__What the exercise asks__: If pictures appear, leave them out, and return exactly the lines from the one holding "Soccer ball in" through the last line of the listing below.

__Source records__:

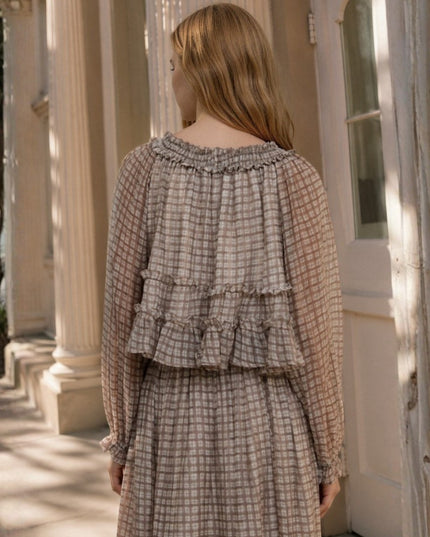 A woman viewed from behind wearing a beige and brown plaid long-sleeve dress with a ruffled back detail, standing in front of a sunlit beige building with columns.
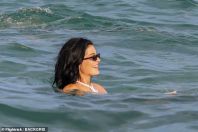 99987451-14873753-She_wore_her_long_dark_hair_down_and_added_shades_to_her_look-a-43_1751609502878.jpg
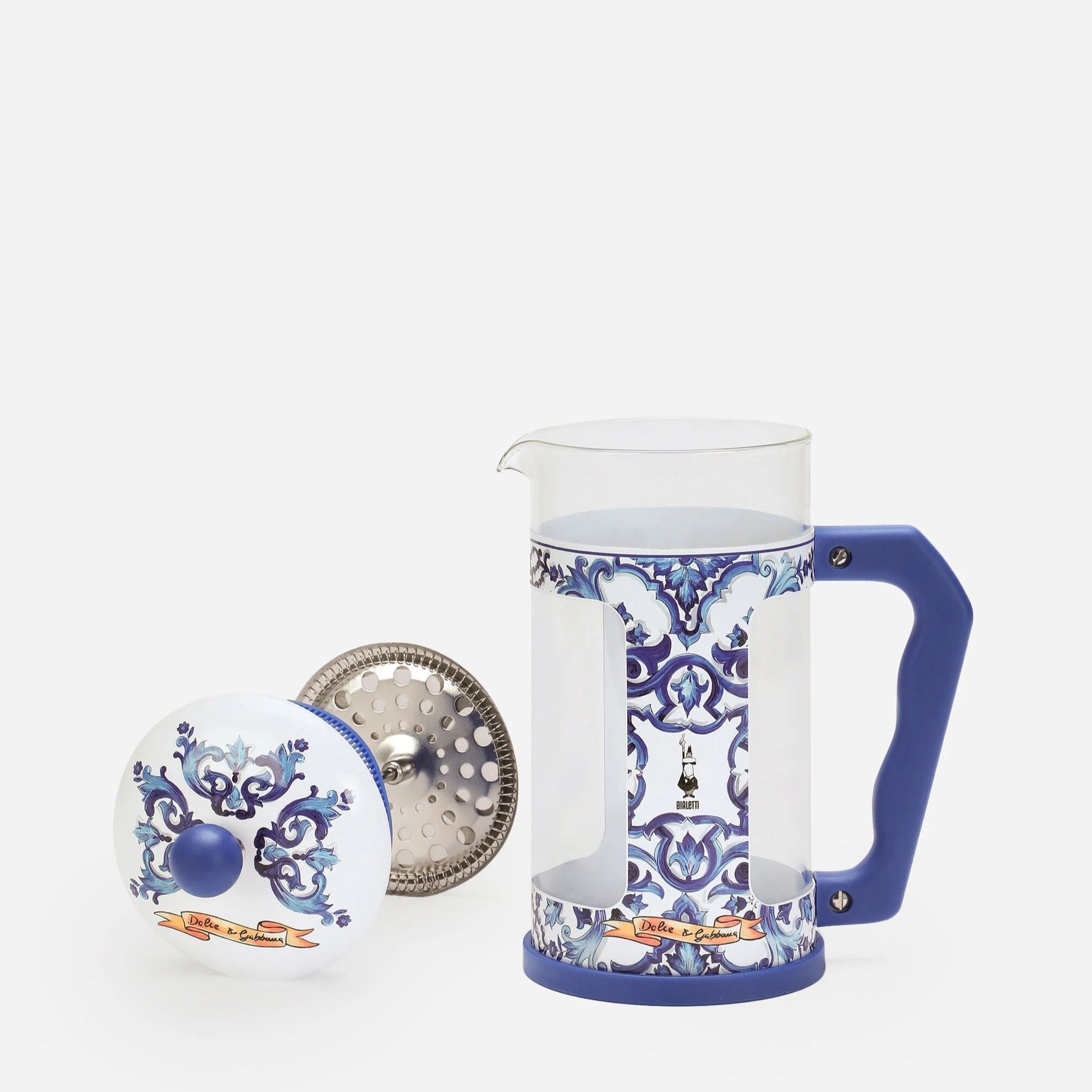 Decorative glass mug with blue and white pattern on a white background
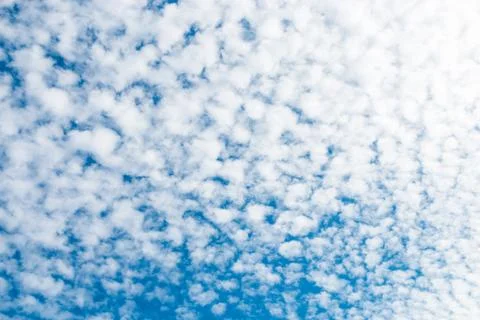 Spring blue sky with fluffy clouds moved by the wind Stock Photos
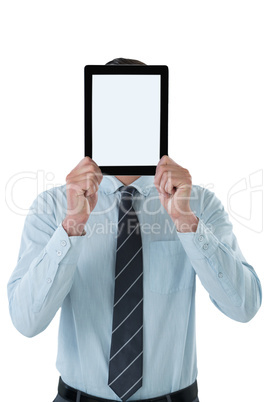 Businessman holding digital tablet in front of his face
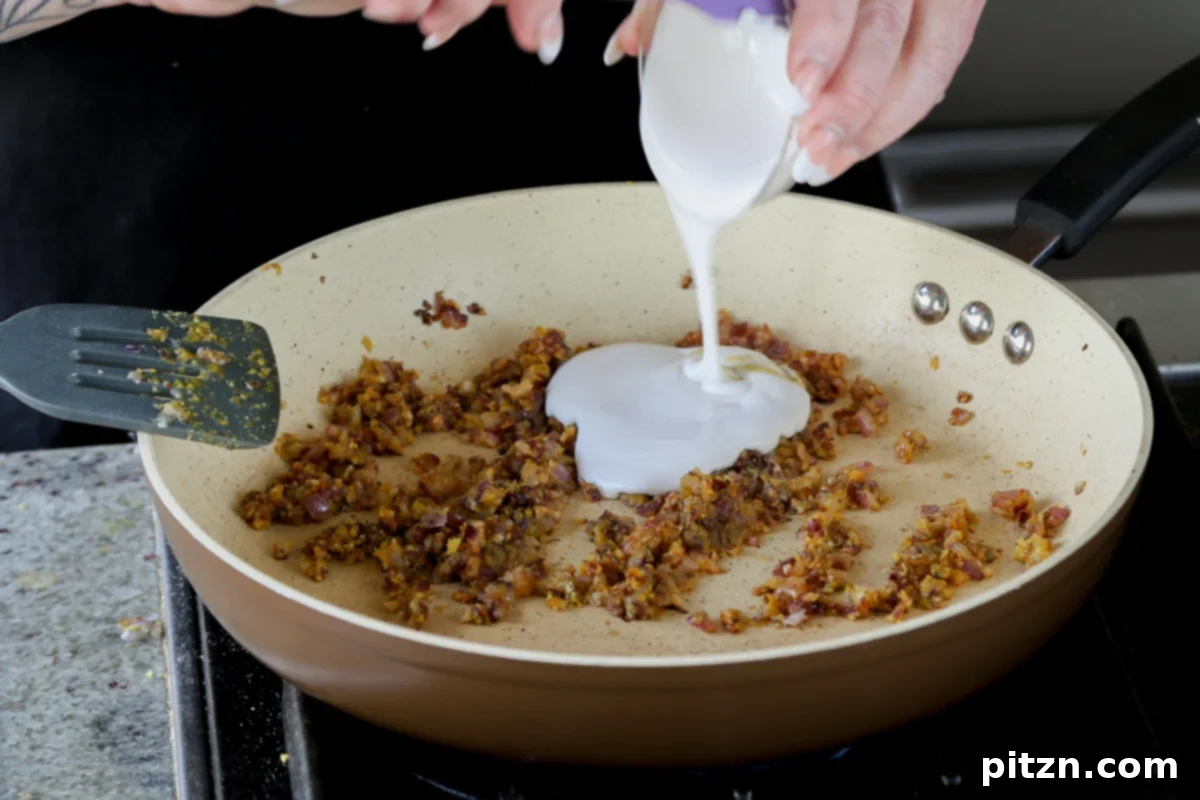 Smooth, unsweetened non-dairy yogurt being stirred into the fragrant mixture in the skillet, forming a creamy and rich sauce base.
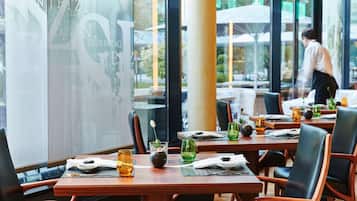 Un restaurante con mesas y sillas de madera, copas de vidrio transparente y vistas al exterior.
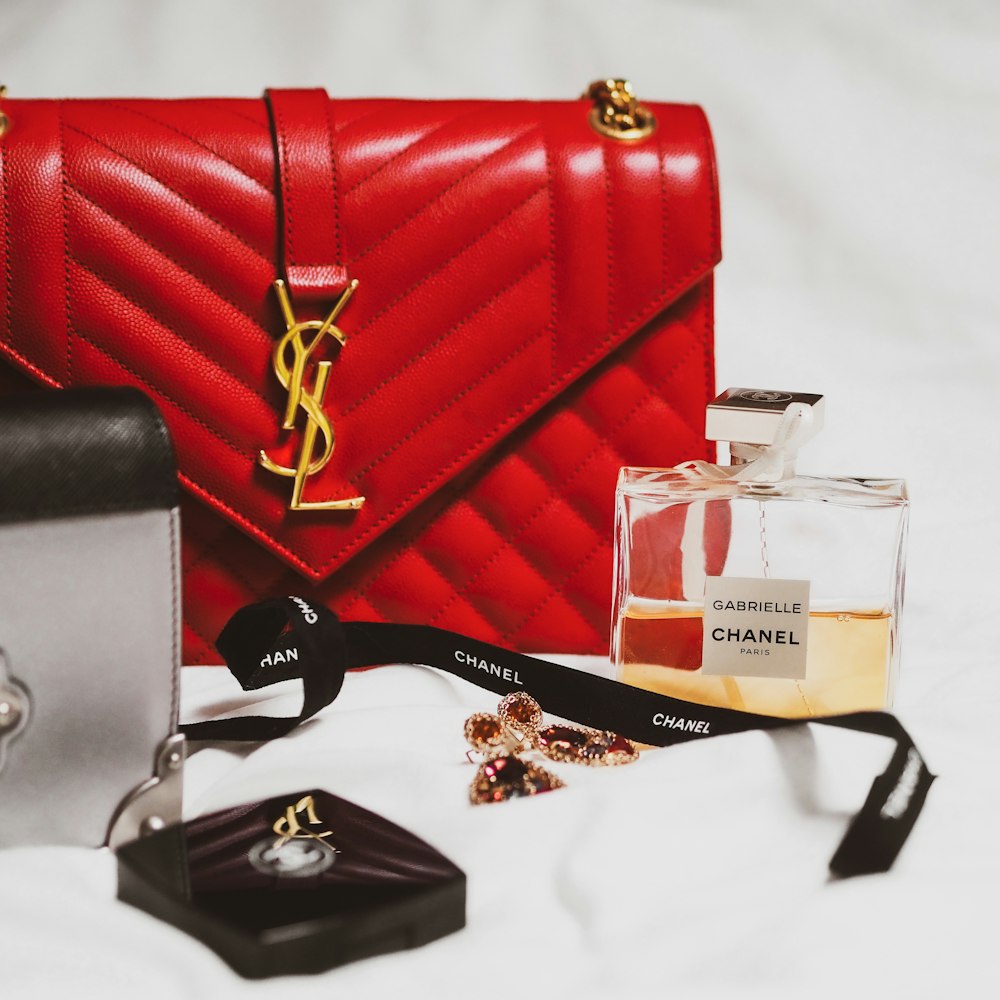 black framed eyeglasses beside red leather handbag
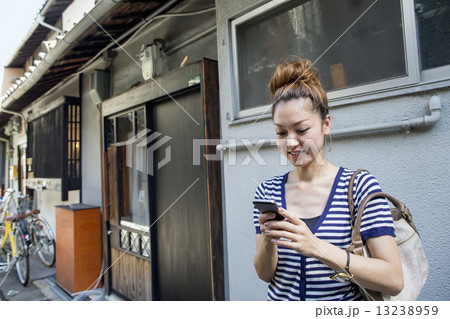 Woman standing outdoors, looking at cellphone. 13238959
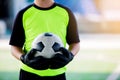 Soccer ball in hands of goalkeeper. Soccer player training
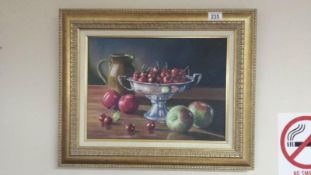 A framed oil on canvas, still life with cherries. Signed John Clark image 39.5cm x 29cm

__Solved exercise__:
 Soccer ball in hands of goalkeeper. Soccer player training
 A framed oil on canvas, still life with cherries. Signed John Clark image 39.5cm x 29cm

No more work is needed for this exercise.